Il sindaco di Roma, da due anni e qualche mese a questa parte, è Ignazio R. Marino. Il vescovo di Roma, anche lui da due anni e qualche mese a questa parte, è Francesco. Marino è stato un fallimento totale, su tutta la linea. Francesco è stato ed è un crescendo di calamitante devozione e di rassicurante presenza, nella sfera spirituale e, pare di capire, anche in quella sociale e istituzionale, come dimostra la grande opportunità offerta alla città con l’imminente Giubileo.

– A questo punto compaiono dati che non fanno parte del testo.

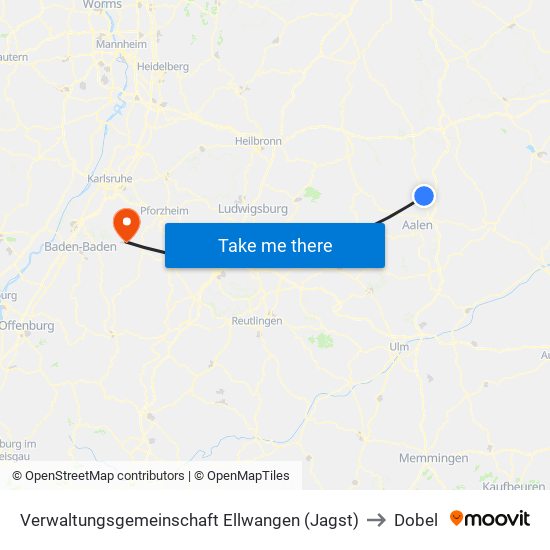 Verwaltungsgemeinschaft Ellwangen (Jagst) to Dobel map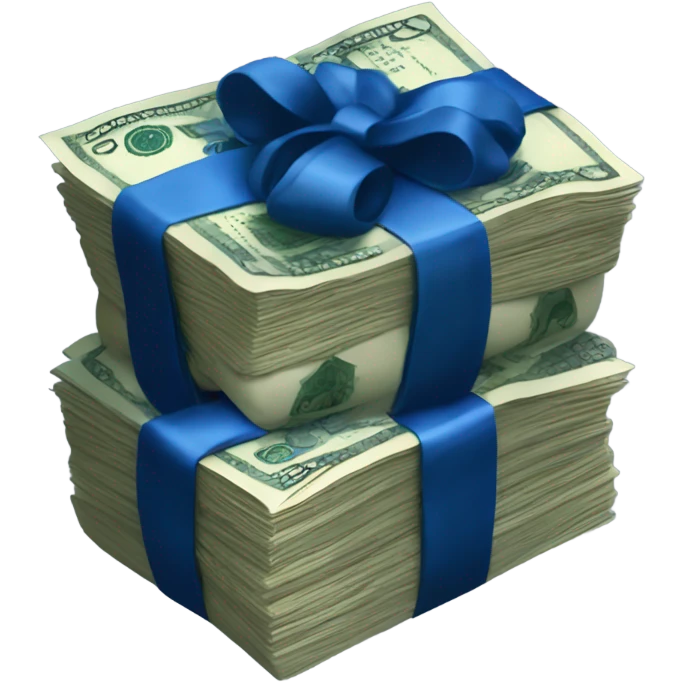 rubles with dark blue bow emoji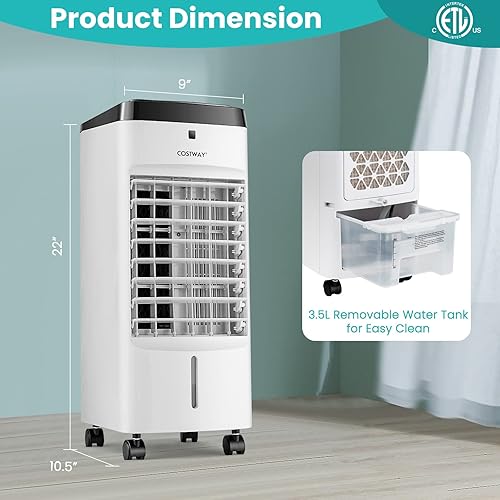 Miniatura 9 de COSTWAY Enfriador de aire evaporativo, enfriador silencioso 3 en 1 con control remoto, oscilación de 70, 4 modos, temporizador de 12 horas, tanque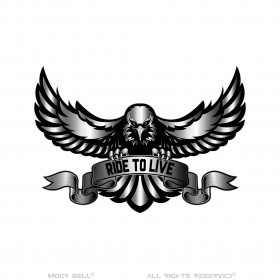 Mocy Bell Eagle Ride to Live Acero Inoxidable Plata IM#23057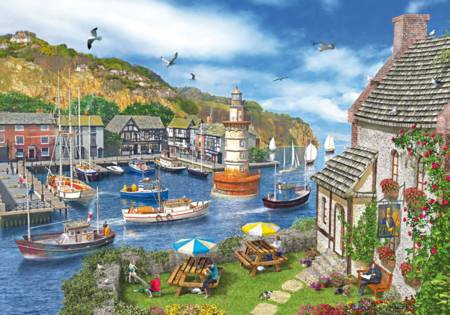 Wooden Jigsaw Puzzle - The Village Harbor (#682702) - 1000 Pieces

Il futuro sindaco sarà un grande sindaco, chiunque egli sia, perché la grande semina del vescovo Francesco ha attecchito in città e germoglia trasversalmente nei cuori della gente di Roma. Nel nome del vescovo sono saltate, solo per stare all’interno dell’Urbe, antiche divisioni, partigianerie stolte, frammentazioni politiche con l’Oltretevere. Non intendo certo idealizzare quanto, al di là del Tevere, resta, nella Curia, di poco chiaro e denota una deprecabile conduzione di uno Stato come quello del Vaticano. Questo è un altro discorso, con il quale fa i conti quotidianamente Francesco in quanto Papa.

Ma lui, in quanto vescovo, sotto il consolato infausto di Marino, è stato l’unico argine, religioso e civile insieme, contro le piene del malaffare e le esondazioni del qualunquismo che si sono verificate, negli ultimi due anni e mezzo, sugli alti argini del Tevere.

Adesso si ricomincia, ci vuole un nuovo sindaco. Ma chi toccherà il cuore dei romani come, in un Conclave, gli animi dei porporati elettori sono raggiunti da una forte ispirazione soprannaturale e da saggi consigli provenienti da questa stessa terra? La politica dovrebbe avere la risposta, ma esige che la domanda sia posta come essa vuole per poter dare un responso adeguato. Altrimenti detto: i candidati a sindaco vengono tutti pilotati dall’alto, e non per opera – senza scurrilità – dello Spirito Santo. Le stesse primarie, fatte nella realtà o nella rete, sono una competizione fra clan di rappresentanti politici. Chi è già sicuro di essere leader, questa volta, non aspetta altro che passare all’incasso per i demeriti altrui e ha un occhio di riguardo per l’astensionismo, spera che si mantenga sui livelli di sempre e che ai romani non venga troppa voglia di andare a votare.

Così Roma torna ad essere sguaiata e contrita, come dicevo all’inizio, peccatrice e devota,

misera e nobile. Non è ancora troppo abituata a un vescovo fuori delle righe come Francesco, ma dove sta il carisma e di quali gesti sia fatto l’ha visto abbastanza per mandare a quel paese chi ancora spergiura sulla democrazia e mentisce, con falsi leader, sul futuro della repubblica.